§ **INFORMATION**:

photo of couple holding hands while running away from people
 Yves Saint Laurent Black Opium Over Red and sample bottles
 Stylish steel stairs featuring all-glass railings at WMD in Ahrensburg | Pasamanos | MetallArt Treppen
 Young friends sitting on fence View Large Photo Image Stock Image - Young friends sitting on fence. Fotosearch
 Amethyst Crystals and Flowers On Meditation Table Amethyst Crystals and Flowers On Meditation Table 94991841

§ **DESCRIPTION OF THE TASK**:
Take the line holding "Yves Saint Laurent" and the lines after it through the end of the entries. Retype them exactly and add nothing.

§ **COMPLETED EXERCISE**:
 Yves Saint Laurent Black Opium Over Red and sample bottles
 Stylish steel stairs featuring all-glass railings at WMD in Ahrensburg | Pasamanos | MetallArt Treppen
 Young friends sitting on fence View Large Photo Image Stock Image - Young friends sitting on fence. Fotosearch
 Amethyst Crystals and Flowers On Meditation Table Amethyst Crystals and Flowers On Meditation Table 94991841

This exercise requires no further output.